◆ EXERCISE DESCRIPTION: Copy, word for word, the opening line of the data and each line after it until the line that contains "Studio portrait de", which is included. Leave the pictures out.

◆ AVAILABLE DATA:
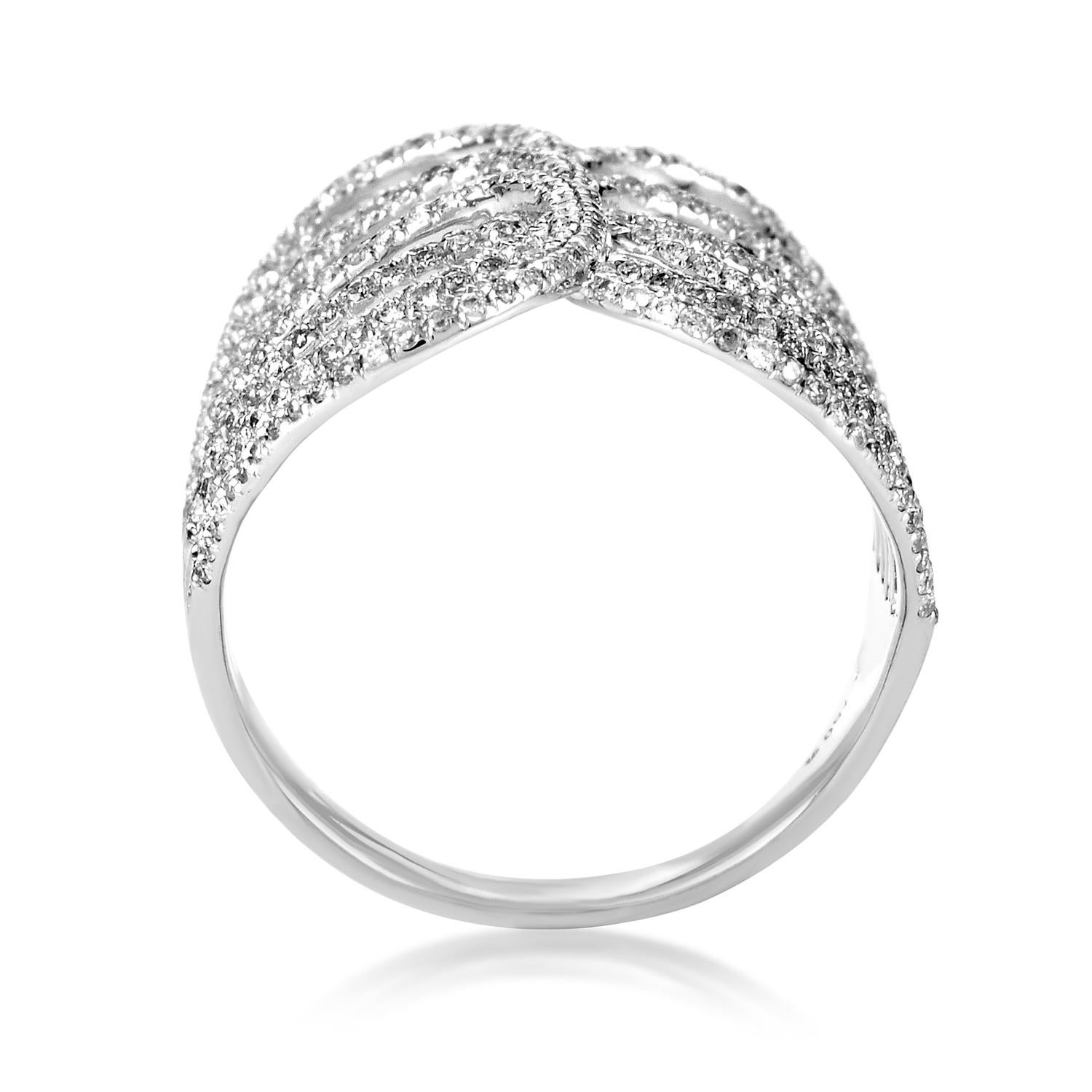 Laid out upon your finger in a pleasantly graceful manner, the fascinating shape of this enchanting 18K white gold ring is emphasized by the luxurious glisten of diamonds weighing in total 0.87ct.<Br/>Ring Top Dimensions: 25 x 20mm
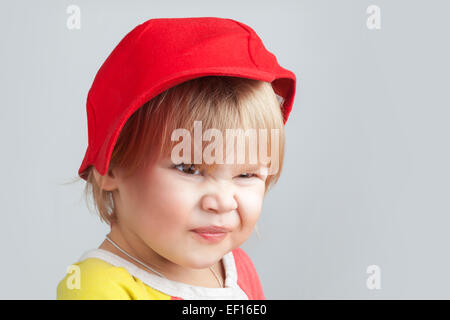 Studio portrait de funny smiling baby girl in red baseball cap sur fond de mur gris Banque D'Images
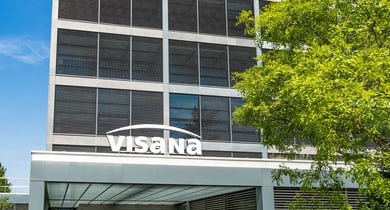 Modernes Bürogebäude mit Visana-Logo bei blauem Himmel.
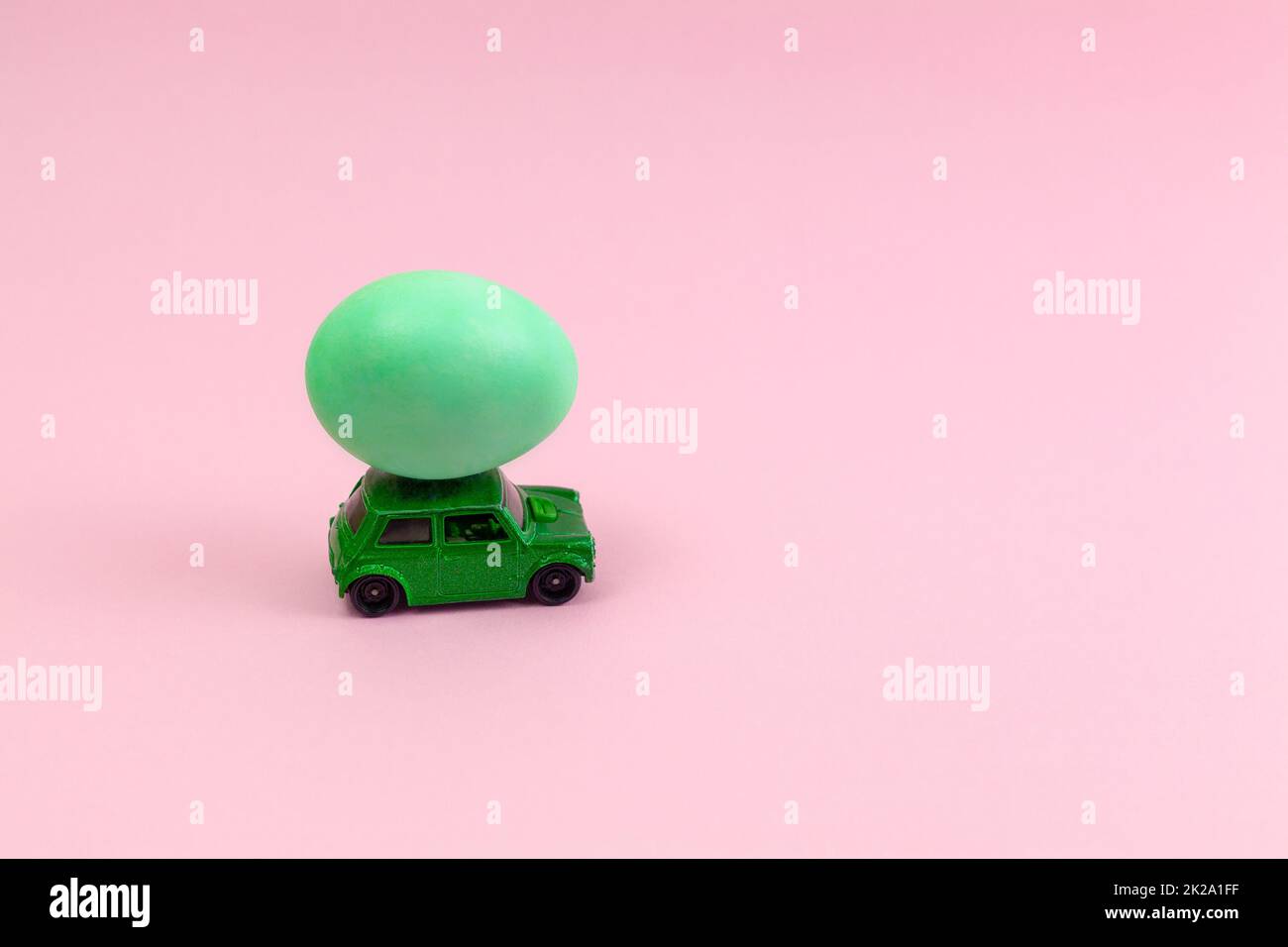 Ein grünes Spielzeugauto mit Osterei auf dem Dach. Osterkarte mit Platz für Text auf pinkfarbenem Hintergrund. Stockfoto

◆ REPLY:
 Laid out upon your finger in a pleasantly graceful manner, the fascinating shape of this enchanting 18K white gold ring is emphasized by the luxurious glisten of diamonds weighing in total 0.87ct.<Br/>Ring Top Dimensions: 25 x 20mm
 Studio portrait de funny smiling baby girl in red baseball cap sur fond de mur gris Banque D'Images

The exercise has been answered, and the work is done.